# best satellite for d12-100?



## loganpn (Aug 14, 2017)

I am currently in the process of getting tailgate equipment together. My family is letting me use an active D12-100 receiver as my tv source for said tailgate. I am looking for the best satellite dish to use for small travel. it does not necessarily have to be a portable or rv sat.... just something that is compatible.

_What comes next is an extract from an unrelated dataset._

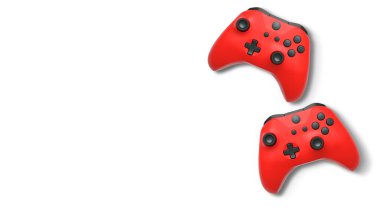 Havada uçan kablosuz oyun kontrolörleri kırpma yolu ile beyaz arka planda izole edilmiş, oyun teknolojisi konseptini sembolize ediyor.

Im sure this sounds ridiculous, but i have no history at all with satellite technology and have no clue where to start. I have read many threads about setting up when switching from different dishes. Please help


----------



## P Smith (Jul 25, 2002)

take old type 18" round dish with one LNBF for 101W sat, and a tripod with simlpe $10 satfinder device


----------



## RBA (Apr 14, 2013)

P Smith said:


> take old type 18" round dish with one LNBF for 101W sat, and a tripod with simlpe $10 satfinder device


D-12 is a standard definition receiver so 101 is the only satellite worth receiving.


----------



## P Smith (Jul 25, 2002)

his local could be on 110/119 ...


----------



## jimmie57 (Jun 26, 2010)

loganpn said:


> I am currently in the process of getting tailgate equipment together. My family is letting me use an active D12-100 receiver as my tv source for said tailgate. I am looking for the best satellite dish to use for small travel. it does not necessarily have to be a portable or rv sat.... just something that is compatible.
> 
> Im sure this sounds ridiculous, but i have no history at all with satellite technology and have no clue where to start. I have read many threads about setting up when switching from different dishes. Please help


Note that no matter what dish you use you might not get your locals. That will depend on where your tailgate session is in the same area. Once you leave that area you will not get locals.
While this D12 is hooked up at home, press the dash button to see if it says SWM Detected. If it does you might want to consider a SWM setup. If you have SWM at home and not on the road, you will need to go thru the satellite setup on the road and then again when you get back home.


----------